In Dufferin County, for instance, we learned last fall that residential property assessments were up by as much as 15 per cent in some areas, and even higher increases had resulted when it came to trying to set a current market value on individual properties, particularly in subdivisions that had become unusually attractive or had a lot of recent sales.
Theoretically, that shouldn't matter all that much, since if all properties were deemed to have risen in value by about 20 per cent, and the municipality and county or region kept their spending at about the previous year's level, everyone would be paying roughly the same amount in property taxes, assuming that the Province would not be demanding more from the education levy, its share of the property tax.
Of course, that's hardly what has been happening. In Orangeville, even a "zero budget" process has failed to keep the town's 2006 expenditures even close to last year's $14.8 million. Documents submitted to last Monday's budget session showed that even after chopping about $450,000 from the draft budget, proposed spending was still proposed at about $16.3 million - an increase of about 10 per cent.

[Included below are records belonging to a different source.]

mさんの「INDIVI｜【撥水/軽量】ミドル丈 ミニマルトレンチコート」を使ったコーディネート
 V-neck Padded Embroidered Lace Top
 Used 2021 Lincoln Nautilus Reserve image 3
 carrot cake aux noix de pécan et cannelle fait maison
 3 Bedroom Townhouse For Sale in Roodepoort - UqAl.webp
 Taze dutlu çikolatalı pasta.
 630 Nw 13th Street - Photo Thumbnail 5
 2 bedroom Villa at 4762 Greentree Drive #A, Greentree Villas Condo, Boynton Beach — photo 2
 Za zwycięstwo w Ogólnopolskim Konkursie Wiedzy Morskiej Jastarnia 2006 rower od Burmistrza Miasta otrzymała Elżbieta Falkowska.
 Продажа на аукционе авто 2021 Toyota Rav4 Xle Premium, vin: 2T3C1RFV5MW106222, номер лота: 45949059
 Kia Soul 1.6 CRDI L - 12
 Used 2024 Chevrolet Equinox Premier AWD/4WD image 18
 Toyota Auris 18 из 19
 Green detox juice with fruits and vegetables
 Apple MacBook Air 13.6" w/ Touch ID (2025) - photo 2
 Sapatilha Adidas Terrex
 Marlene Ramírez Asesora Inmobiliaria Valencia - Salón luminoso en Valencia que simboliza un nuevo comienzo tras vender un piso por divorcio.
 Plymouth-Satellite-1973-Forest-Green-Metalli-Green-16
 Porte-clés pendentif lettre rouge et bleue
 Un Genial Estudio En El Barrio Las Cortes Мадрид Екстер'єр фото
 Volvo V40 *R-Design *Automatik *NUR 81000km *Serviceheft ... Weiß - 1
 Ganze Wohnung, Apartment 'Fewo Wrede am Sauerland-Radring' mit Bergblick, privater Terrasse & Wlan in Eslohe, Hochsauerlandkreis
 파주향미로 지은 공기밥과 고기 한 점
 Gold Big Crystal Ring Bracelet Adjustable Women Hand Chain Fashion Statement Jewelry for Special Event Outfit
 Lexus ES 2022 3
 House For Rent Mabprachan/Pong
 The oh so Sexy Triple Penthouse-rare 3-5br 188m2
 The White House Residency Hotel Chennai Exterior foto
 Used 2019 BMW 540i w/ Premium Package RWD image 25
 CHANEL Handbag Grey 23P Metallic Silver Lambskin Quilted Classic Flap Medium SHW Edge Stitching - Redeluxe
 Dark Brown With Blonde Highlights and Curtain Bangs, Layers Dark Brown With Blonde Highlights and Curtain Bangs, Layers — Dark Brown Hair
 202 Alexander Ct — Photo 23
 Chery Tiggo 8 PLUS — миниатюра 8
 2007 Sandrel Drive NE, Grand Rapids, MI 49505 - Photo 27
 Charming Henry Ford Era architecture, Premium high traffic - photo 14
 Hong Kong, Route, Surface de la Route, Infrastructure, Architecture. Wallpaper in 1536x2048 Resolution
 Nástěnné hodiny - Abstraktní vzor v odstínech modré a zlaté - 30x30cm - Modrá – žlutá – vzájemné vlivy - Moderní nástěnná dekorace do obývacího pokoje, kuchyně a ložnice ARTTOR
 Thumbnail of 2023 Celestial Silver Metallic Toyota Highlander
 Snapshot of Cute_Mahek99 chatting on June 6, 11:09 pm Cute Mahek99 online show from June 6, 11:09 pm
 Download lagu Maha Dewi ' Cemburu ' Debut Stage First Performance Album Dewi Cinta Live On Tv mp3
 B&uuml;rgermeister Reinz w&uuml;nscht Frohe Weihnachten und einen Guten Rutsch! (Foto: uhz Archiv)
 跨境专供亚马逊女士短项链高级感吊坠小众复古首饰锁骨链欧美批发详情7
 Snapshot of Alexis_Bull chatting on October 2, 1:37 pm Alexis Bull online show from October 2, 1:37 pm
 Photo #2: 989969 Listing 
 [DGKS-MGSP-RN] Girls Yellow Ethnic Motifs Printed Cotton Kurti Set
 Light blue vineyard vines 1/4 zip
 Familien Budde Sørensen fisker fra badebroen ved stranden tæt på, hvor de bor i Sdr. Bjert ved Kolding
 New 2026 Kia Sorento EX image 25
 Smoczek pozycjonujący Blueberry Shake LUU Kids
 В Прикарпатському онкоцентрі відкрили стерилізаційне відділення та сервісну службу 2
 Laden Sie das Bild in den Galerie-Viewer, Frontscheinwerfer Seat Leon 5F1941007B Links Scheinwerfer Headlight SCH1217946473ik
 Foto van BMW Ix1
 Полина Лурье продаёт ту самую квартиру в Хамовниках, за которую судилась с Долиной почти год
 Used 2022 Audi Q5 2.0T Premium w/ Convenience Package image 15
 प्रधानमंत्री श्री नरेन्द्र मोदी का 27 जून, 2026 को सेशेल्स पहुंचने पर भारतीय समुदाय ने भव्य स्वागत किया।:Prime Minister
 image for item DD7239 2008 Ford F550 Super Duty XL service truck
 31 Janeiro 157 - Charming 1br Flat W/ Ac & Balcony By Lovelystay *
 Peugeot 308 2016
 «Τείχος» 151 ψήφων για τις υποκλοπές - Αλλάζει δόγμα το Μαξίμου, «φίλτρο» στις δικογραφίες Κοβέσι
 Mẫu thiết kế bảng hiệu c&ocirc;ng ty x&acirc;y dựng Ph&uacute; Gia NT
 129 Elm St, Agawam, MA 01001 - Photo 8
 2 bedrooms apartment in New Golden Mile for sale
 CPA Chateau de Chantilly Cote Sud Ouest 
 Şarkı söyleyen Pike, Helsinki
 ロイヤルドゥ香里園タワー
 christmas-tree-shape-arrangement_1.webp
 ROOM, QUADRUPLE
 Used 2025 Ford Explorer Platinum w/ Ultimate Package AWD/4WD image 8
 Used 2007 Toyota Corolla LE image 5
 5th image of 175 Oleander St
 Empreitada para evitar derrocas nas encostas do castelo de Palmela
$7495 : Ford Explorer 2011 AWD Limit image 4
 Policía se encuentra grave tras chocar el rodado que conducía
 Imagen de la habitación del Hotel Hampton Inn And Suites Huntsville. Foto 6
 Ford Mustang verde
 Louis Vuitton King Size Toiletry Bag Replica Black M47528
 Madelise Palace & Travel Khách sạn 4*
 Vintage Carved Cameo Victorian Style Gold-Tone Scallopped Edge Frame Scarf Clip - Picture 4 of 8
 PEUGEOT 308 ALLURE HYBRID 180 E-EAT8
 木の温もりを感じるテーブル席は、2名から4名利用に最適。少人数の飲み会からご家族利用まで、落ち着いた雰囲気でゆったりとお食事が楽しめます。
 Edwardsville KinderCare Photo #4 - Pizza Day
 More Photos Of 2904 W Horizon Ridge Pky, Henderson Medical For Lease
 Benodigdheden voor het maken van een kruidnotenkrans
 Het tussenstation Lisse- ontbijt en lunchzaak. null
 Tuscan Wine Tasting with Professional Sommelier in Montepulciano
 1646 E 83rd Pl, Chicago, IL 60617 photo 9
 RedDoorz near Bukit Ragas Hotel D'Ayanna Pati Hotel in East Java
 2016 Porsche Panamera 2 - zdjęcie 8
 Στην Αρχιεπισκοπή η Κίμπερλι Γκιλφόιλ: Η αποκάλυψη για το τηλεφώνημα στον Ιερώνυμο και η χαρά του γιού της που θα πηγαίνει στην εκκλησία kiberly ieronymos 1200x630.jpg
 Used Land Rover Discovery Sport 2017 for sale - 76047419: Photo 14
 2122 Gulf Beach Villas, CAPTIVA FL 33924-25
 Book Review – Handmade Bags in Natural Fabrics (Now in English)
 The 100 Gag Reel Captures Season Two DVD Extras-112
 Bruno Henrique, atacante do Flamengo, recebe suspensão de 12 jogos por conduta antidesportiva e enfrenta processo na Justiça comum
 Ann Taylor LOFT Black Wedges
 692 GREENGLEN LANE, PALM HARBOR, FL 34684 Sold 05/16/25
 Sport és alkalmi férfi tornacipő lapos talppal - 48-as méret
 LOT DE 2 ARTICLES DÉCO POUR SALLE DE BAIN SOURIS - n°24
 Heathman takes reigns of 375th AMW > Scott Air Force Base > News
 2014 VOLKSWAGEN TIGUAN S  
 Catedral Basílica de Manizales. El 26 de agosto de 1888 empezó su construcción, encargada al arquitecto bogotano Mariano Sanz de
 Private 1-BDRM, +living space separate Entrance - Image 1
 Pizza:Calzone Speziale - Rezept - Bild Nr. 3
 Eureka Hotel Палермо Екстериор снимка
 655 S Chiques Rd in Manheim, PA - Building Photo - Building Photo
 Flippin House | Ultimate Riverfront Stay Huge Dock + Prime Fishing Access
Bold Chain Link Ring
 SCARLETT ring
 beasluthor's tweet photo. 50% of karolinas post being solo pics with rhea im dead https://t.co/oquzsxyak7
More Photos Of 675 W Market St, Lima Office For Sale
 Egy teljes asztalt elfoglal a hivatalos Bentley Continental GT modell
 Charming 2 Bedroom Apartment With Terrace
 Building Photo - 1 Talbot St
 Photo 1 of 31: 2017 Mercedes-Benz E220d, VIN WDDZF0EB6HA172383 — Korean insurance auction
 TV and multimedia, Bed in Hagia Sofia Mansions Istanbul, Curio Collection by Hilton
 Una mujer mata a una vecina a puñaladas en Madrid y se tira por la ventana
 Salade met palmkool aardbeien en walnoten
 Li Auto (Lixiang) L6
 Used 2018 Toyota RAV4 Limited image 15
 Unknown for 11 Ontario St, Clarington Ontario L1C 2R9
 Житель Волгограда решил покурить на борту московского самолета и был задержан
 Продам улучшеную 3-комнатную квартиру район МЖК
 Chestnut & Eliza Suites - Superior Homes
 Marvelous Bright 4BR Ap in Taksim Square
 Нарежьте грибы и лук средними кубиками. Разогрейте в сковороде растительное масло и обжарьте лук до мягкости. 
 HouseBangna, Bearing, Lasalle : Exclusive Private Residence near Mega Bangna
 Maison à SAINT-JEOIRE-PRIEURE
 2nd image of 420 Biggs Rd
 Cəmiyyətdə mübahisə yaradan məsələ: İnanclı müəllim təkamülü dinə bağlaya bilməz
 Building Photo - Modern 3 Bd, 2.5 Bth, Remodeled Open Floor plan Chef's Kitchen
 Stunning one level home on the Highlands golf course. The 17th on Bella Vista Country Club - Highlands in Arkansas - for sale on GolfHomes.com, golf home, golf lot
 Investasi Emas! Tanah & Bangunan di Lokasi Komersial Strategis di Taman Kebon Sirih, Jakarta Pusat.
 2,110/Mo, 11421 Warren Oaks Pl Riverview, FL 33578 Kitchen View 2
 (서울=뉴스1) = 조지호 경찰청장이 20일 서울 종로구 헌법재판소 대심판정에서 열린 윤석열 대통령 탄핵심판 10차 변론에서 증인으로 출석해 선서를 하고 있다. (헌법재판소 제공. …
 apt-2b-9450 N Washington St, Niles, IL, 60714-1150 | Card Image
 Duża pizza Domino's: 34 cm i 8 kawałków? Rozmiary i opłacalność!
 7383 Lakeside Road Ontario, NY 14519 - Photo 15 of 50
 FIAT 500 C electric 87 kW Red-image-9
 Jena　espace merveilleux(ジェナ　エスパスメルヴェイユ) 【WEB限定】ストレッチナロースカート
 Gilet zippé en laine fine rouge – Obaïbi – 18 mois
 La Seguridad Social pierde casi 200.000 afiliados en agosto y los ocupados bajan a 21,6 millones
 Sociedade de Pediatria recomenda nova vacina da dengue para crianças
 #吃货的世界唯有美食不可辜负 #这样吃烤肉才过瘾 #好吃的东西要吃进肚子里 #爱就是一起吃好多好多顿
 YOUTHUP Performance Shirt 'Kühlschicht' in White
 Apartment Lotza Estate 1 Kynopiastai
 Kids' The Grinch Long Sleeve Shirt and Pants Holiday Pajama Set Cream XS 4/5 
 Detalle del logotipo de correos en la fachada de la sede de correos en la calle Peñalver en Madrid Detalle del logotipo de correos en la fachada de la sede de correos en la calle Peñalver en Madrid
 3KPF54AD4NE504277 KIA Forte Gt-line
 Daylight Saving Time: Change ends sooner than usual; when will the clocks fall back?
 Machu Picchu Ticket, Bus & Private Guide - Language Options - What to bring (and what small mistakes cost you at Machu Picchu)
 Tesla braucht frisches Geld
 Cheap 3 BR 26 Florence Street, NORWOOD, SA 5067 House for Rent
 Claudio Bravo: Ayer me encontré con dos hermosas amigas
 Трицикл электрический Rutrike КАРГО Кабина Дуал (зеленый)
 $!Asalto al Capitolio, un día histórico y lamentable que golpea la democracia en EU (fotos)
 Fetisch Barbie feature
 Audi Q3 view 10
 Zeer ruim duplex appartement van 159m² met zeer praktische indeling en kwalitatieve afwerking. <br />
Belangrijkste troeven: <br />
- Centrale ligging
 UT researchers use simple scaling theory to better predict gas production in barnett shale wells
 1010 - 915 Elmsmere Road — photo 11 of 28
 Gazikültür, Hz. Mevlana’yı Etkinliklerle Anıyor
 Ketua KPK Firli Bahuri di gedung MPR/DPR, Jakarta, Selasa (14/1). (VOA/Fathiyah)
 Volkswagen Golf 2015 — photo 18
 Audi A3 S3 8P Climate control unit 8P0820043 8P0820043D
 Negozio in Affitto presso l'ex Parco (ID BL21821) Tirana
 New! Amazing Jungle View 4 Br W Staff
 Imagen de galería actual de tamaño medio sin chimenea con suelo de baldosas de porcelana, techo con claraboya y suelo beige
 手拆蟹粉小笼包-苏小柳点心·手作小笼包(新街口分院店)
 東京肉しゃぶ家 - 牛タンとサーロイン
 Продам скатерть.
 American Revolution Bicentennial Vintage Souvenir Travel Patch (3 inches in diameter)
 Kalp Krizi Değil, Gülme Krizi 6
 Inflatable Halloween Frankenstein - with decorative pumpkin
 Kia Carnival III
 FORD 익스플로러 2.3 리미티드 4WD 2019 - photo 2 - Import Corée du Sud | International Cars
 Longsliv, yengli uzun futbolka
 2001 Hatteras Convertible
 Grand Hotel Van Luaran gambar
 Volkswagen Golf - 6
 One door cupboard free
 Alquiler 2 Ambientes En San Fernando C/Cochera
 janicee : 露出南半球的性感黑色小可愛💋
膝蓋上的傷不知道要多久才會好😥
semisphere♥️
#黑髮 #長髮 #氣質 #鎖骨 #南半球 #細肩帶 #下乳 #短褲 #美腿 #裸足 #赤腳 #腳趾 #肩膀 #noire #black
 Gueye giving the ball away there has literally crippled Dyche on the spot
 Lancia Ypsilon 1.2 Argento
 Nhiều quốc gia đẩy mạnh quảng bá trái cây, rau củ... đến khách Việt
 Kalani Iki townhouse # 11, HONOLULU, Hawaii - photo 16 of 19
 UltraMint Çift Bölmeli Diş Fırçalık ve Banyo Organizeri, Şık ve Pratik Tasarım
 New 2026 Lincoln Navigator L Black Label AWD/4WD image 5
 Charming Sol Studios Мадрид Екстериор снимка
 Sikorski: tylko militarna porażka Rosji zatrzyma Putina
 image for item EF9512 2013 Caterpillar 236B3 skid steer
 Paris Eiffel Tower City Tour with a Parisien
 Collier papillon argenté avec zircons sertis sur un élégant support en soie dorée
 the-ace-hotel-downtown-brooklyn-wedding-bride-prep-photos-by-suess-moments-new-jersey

Since the town has managed to attract some new assessment (albeit little in the form of new industrial assessment), an increase of about half that amount would mean that the "average" homeowner would wind up paying about the same amount to the town as he or she did in 2005. But if the spending hike stays in the vicinity of 10 per cent, our suspicion is that this same hypothetical taxpayer will pay significantly more for local municipal services, if not for county and education services.
But of one thing we're absolutely certain: because of the complexity of this taxation system, no one will obtain a proper understanding of why their tax bills are what they are.
And try as we might, we cannot find any justification for maintaining such a cumbersome - and expensive - assessment system.
After all, common sense surely tells us that property taxes should be based on the services required by the property owner.
When more services are demanded, taxes should go up, but otherwise they should increase only in line with the actual increase in the cost of providing them.
Sadly, that's not what happens under market value assessment or anything resembling it.
In fact, a well-kept house that's occupied by a widow or widower with no school-age children - who therefore puts little or no stress on education, road, water and sewer services, not to mention imposing demands on the police and fire services - actually gets a bigger tax bill than a neighbouring couple who happen to have several school-age children but live in a relatively unattractive house.
Even more ridiculously, it's our understanding that apartments in large buildings are actually taxed more heavily, relative to their market value, than other apartments and detached homes.
What really is needed is an end to assessments and the creation of a new form of property taxation, where taxes are based simply on the size of a property - not its appearance or quality in the eye of the beholder - and the local zoning.
Then, unless the property owner put on an addition to the house or was given more services, the tax bill would change in lock-step with the spending by the taxing authorities.
Instead of our current crop of highly paid assessors and review agencies, all we'd need is a local official with a tape measure.
But perhaps that makes too much sense.